How to achieve optimization multi-core designs using a multi-objective optimization heuristic.
Technologies such as autonomous cars and 5G communication are seeing a rapid increase in the number of processing elements (PE) per platform. Where software professionals were used to programming one, two or a handful of cores, the game has now changed. Intel’s Many Integrated Core Architecture [3] contains up to 78 cores, Nvidia Tegra XI[2] has up to 260 cores and Adapteva’s Epiphany-V[1] has 1024 cores. Future systems will utilize platforms with thousands of cores and this poses many new challenges. Understanding your system has never
been more important.
Mapping a parallel application on a multi-processor system-on-chip (MPSoC) platform refers to assigning different tasks of a parallel application onto PEs.

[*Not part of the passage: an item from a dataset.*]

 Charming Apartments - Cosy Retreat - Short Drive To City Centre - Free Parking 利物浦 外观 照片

Mapping is typically performed for a certain mapping objective, such as meeting deadlines, improving performance, reducing energy/power consumption and optimizing memory throughput. Objective-based mapping is considered to be an NP-complete problem[4]. This implies that it is unlikely for an approach to find an optimal mapping solution in polynomial time. Furthermore, the mapping search space (MSS) grows exponentially with MPSoC platform and/or parallel application complexity increase. Therefore, different mapping algorithms and heuristics have been developed to explore the MSS to find a procedure which can fulfill the required mapping objective criteria.
More and more applications require multiple objectives to be optimized simultaneously. This is referred to as multi-objective optimization. Typically, these objectives can be contradictory in nature and potentially lead to multiple solutions with varying results for the optimization goals. In this case, multi-objective optimization can produce a set of optimal solutions that represent a trade-off between the different objective values. The solution set is called Pareto optimal set or just Pareto solutions.

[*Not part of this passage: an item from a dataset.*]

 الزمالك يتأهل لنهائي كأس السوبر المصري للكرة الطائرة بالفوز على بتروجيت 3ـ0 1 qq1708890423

One approach to find the Pareto optimal solution is to analyze every possible mapping solution present in the MSS. For example, by using exhaustive search or brute force search techniques. This is usually not feasible because of long exploration times or resource requirements. Alternatively, multi-objective evolutionary algorithms (MOEA) are used. MOEAs are meta-heuristics that can provide a near optimal solution set in significantly reduced exploration time[6].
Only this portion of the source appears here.